Analysis Requirements

In general, analyst require only a few data functions: discover, access, process, analyze, and persist. More comprehensively, the general requirements for data processing and analysis consist of:

  • Comprehensive, robust support for reading and writing a variety of common storage formats in cloud, on-premise, local or distributed data warehousing (CSV, JSON, Parquet, legacy data).

  • Ability to perform schema-on-read either through supplied schema or through type-inference and produce a well-defined schema for the dataset.

  • Ability to extract meta-data and catalogue data sets in a language and application agnostic manner.

  • Support for a write-once, read-many times iterative analysis with minimal data conversions, IO and serialization overhead.

  • Effective and efficient data management.

  • Efficient filtering of data, e.g. selection of columns from a master dataset.

  • Perform analytical operations, e.g. projections, filters, aggregations, and joins.

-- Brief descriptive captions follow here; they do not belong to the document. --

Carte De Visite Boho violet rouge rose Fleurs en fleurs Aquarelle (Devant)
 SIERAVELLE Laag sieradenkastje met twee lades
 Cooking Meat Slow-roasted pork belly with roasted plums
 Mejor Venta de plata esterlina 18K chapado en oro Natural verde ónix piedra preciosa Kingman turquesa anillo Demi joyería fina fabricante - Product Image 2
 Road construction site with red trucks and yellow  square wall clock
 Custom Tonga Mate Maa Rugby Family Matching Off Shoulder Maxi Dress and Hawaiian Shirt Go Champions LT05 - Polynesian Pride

  • Collection of dataset statistics, e.g. marginal distributions, mean, minimum, maximum.

Production System Requirements

The design of data production frameworks, which supports the end-user analyst needs, must focus on four key features:

  1. Performance – The typical performance indicator is the turnaround time required to run the entire processing chain when new requirements or data are introduced. Runtime is limited by transfer of data, loading of data between successive stages (or even succesive pipelines), and conversion between various formats to be used across fragmented systems. The software must minimize the number of read/write operations on data and process as much in memory as possible. Distinct stages should be modular, such that changes in stages can be rerun quickly.

  2. Maintainability – Modular software with a clear separation between algorithmic code and configuration facilitate introduction of new code which can be integrated without affecting existing processes through configuration. Modular code also enforces code structure and encourages re-use. Common data format separates the I/O and deserialization from the algorithmic code, and provide computing recipes and boiler-plate code structure to introduce new processes into the system.

  3. Reliability – The system is built on well-maintained, open-source libraries with design features to easily introduce existing libraries for common analysis routines.

  4. Flexibility – Re-use of common processes is faciliated through configurable algorithmic code. Use of a common in-memory data format simplify introducing new features, quantities and data structures into the datasets.

Platform Components

The Artemis prototype framework leverages the Apache Arrow development platform capability, and focuses on data processing and analysis in a collaborative and reproducible manner. The front-end agnostic Arrow API allows us to define a data model to manage the sharing of tabular data across sequences of algorithms, which describe various (sometimes disparate) business processes in a single, in-memory, data processing job. The algorithms describe various business processes for the same dataset, and the algorithms can be re-used for different datasets with common pre-processing and processing requirements. Assumptions set forth for Artemis are derived from event-based data processing frameworks from high-energy physics. Therefore, many design choices have been adopted from large-scale data processing systems used in the HEP community, which until recently, have been able to scale to the processing Petabytes of data per year.

Artemis framework design features

  • Metadata management - seperation of algorithmic code and configuration.

  • Performance - seperation of I/O from data processing managed at the framework level to minimize read/write.

  • Reliability - State machine for job control flow and global steering of data pipeline algorithms.

  • Reproduciblity - in-memory provenance of data transformations.

  • Flexibility - modular code design to faciliate code re-use, simplify testing and development.

  • Automation - automatic collection of processing metrics.

  • Configuration - user-defined histograms and data tables.